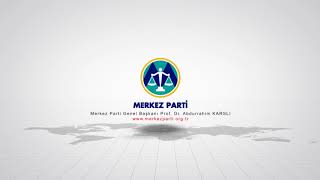 Amiri Fetöcü Olup Göreve Çağırdığı Fetöcü Asker Fetöcü Çıktı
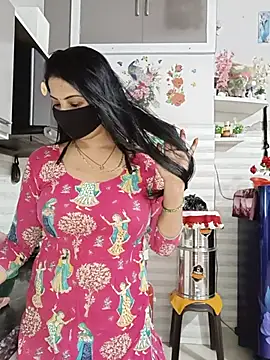 Best-Couple online show from 23, 7, 2026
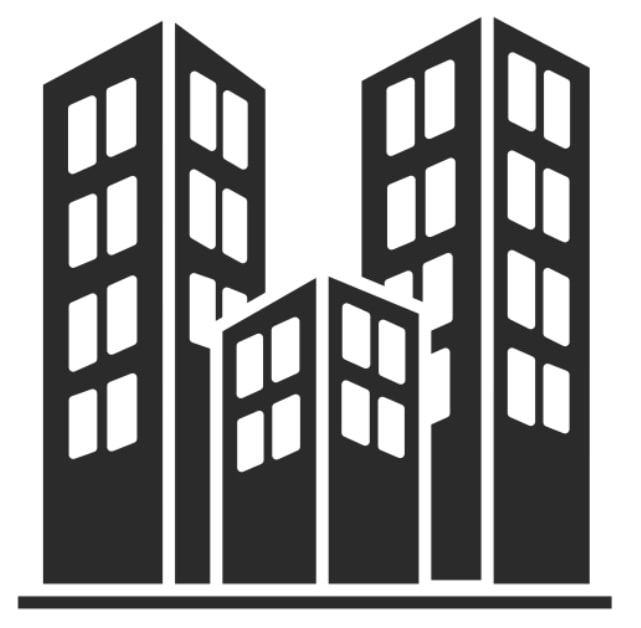 Logo von Montagebau & Hausmeister Braun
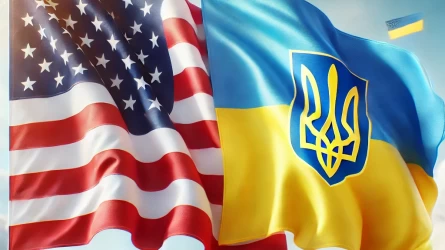 Что известно о переговорах между США и Украиной
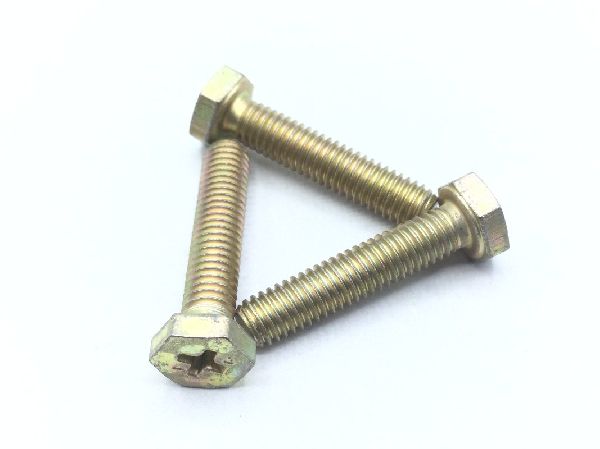 NAS1801-3-14 Machine Screw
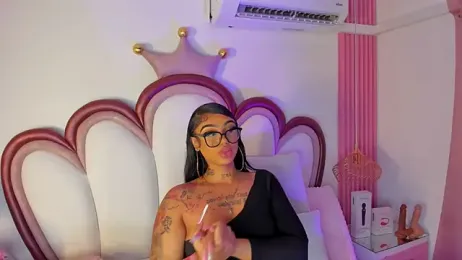 Mia_Jansen webcam model stream image
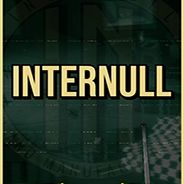 INTERNULL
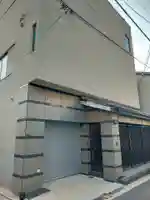 吉祥寺(大阪府)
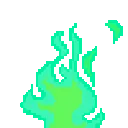 greenfire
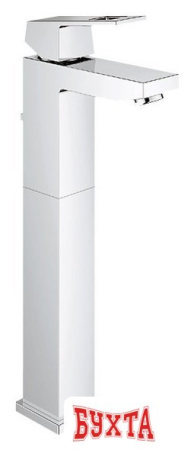 Смеситель Grohe Eurocube 23136000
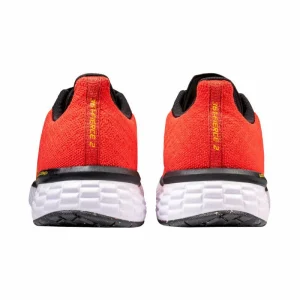 Dernières Nouveautés Sortie ⭐ 361° Fierce 2 – Chaussures running homme ⌛ 26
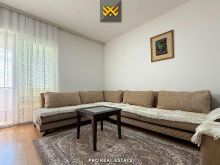 Banesë 75m² me #QIRA në Aktash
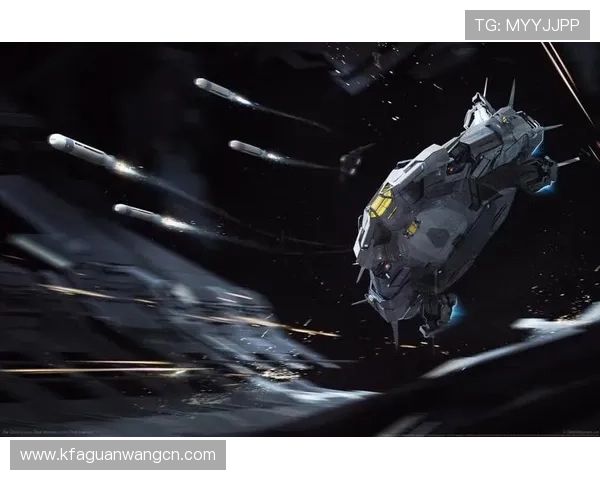 凯发平台网页版账号注册与登录流程详细步骤指导新手玩家快速入门 凯发平台网页版账号注册与登录流程详细步骤指导新手玩家快速入门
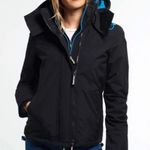 Superdry Original Windcheater Jacket Photo 0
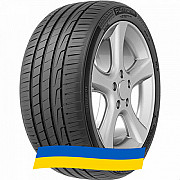 215/55 R17 Funtoma RoadFun Sport 98W Легкова шина Киев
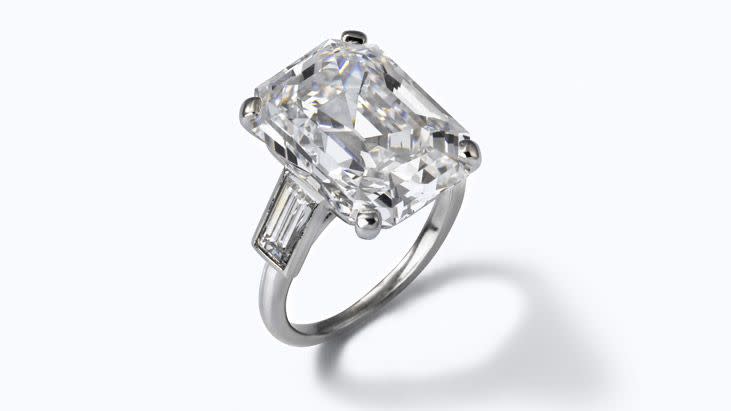 ring, engagement ring, preengagement ring, jewellery, platinum, fashion accessory, diamond, gemstone, body jewelry, metal,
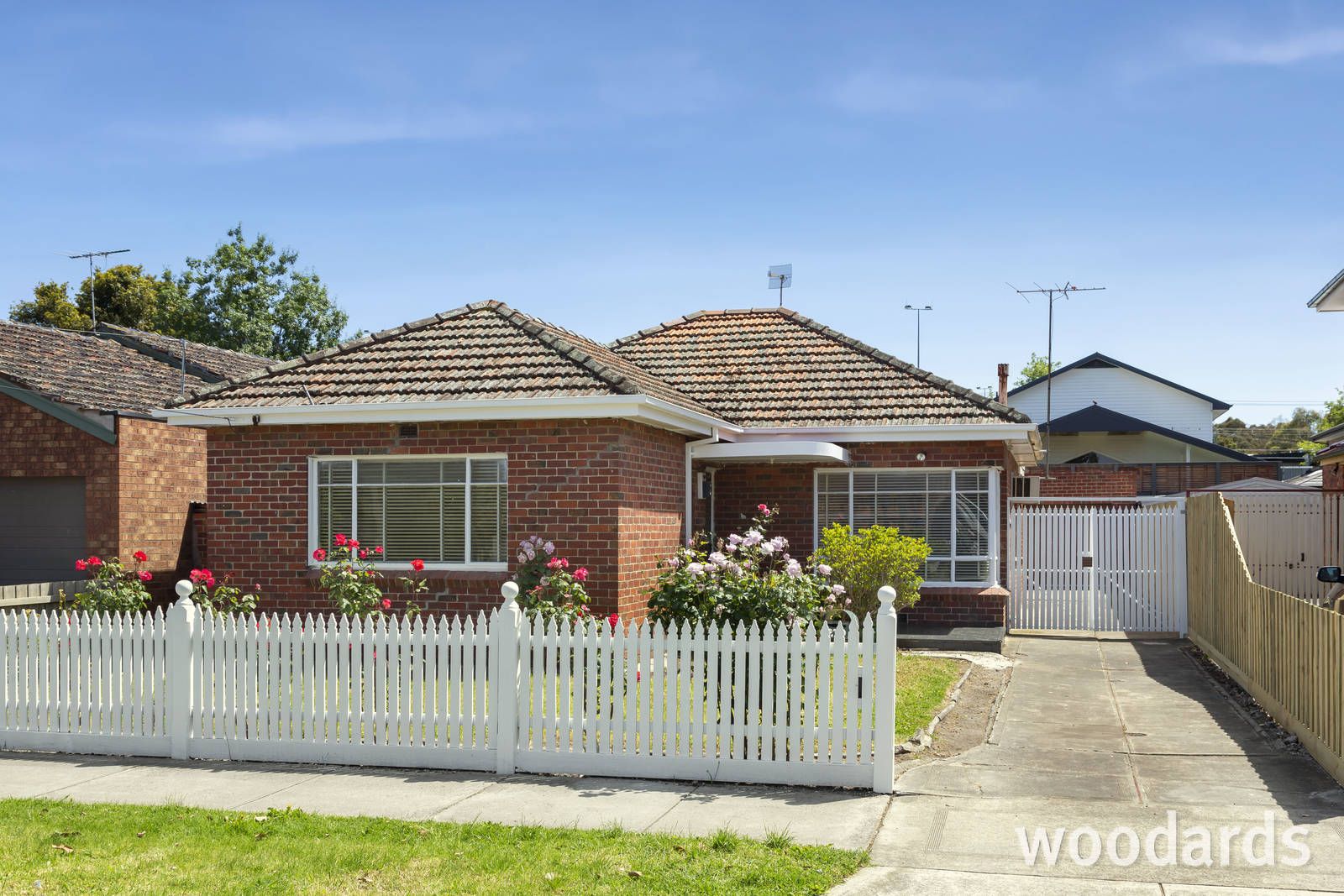 279 Rossmoyne Street, Thornbury VIC 3071, Image 0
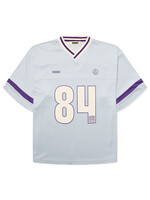 Woodbird WBBeam Sports Tee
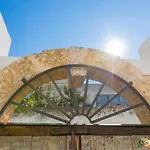 Hotel Le Sei Conche Relais & 4*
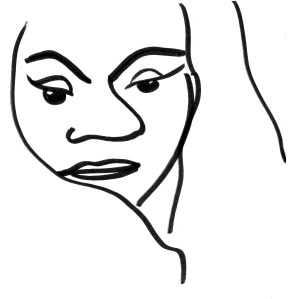 © watchoutbananapeel 2012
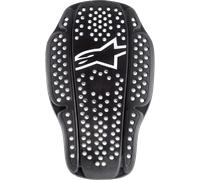 Alpinestars Nucleon KR-2i Back Protector Insert Black M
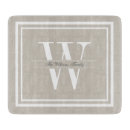 Suche nach leinen untersetzer Weiß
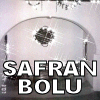 Safranbolu Foto Galerisi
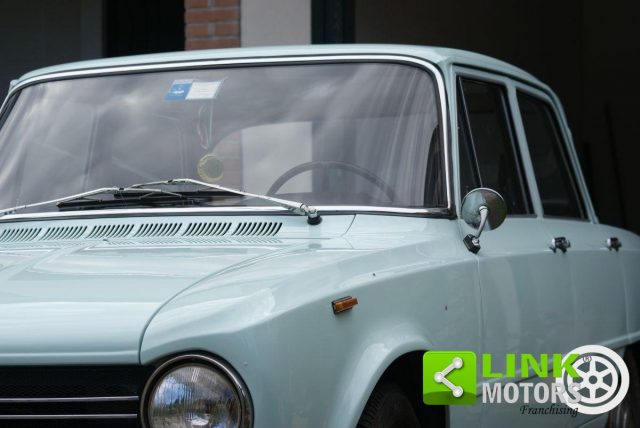 ALFA ROMEO Giulia usata 3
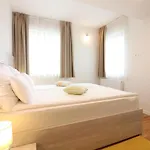Apartment Kapa *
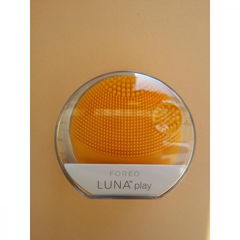 LUNA play by Foreo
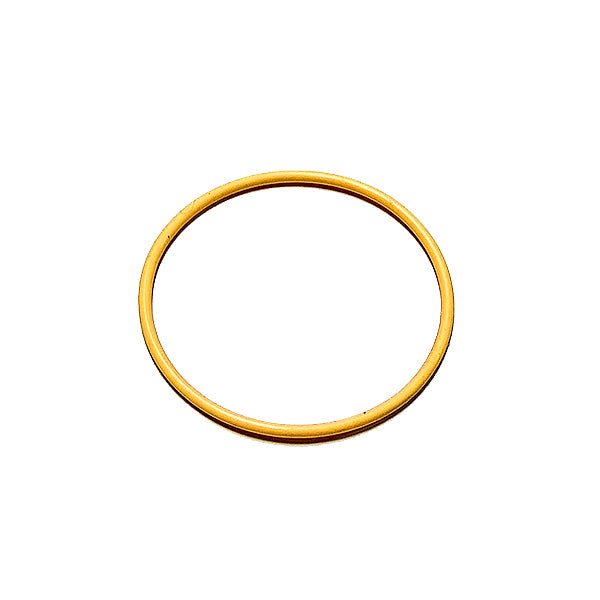 Cummins Air Compressor O-Ring Seal 3009739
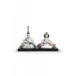 Hinamatsuri Dolls (Special Order)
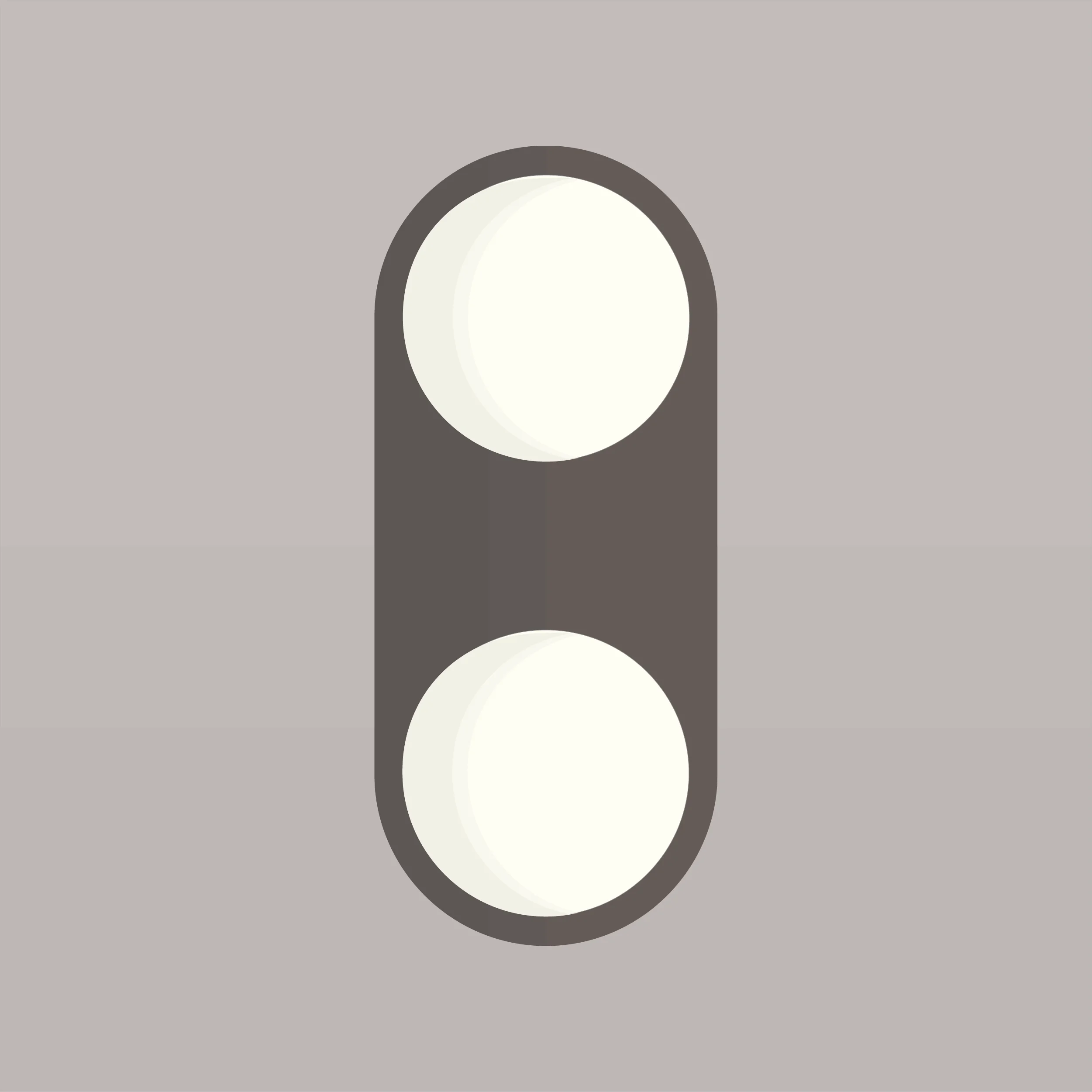 Mid-century-collection-wall-sconce-luminaire-OMHLHMO-A9W208-Antique-Bronze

[What to do]
Should a record include a picture, omit it from your copy and return the rest unchanged.

[Solution to this exercise]
 Amiri Fetöcü Olup Göreve Çağırdığı Fetöcü Asker Fetöcü Çıktı
 Best-Couple online show from 23, 7, 2026
 Logo von Montagebau & Hausmeister Braun
 Что известно о переговорах между США и Украиной
 NAS1801-3-14 Machine Screw
 Mia_Jansen webcam model stream image
 INTERNULL
 吉祥寺(大阪府)
 greenfire
 Смеситель Grohe Eurocube 23136000
 Dernières Nouveautés Sortie ⭐ 361° Fierce 2 – Chaussures running homme ⌛ 26
 Banesë 75m² me #QIRA në Aktash
 凯发平台网页版账号注册与登录流程详细步骤指导新手玩家快速入门 凯发平台网页版账号注册与登录流程详细步骤指导新手玩家快速入门
 Superdry Original Windcheater Jacket Photo 0
 215/55 R17 Funtoma RoadFun Sport 98W Легкова шина Киев
 ring, engagement ring, preengagement ring, jewellery, platinum, fashion accessory, diamond, gemstone, body jewelry, metal,
 279 Rossmoyne Street, Thornbury VIC 3071, Image 0
 Woodbird WBBeam Sports Tee
 Hotel Le Sei Conche Relais & 4*
 © watchoutbananapeel 2012
 Alpinestars Nucleon KR-2i Back Protector Insert Black M
 Suche nach leinen untersetzer Weiß
 Safranbolu Foto Galerisi
 ALFA ROMEO Giulia usata 3
Apartment Kapa *
 LUNA play by Foreo
 Cummins Air Compressor O-Ring Seal 3009739
 Hinamatsuri Dolls (Special Order)
 Mid-century-collection-wall-sconce-luminaire-OMHLHMO-A9W208-Antique-Bronze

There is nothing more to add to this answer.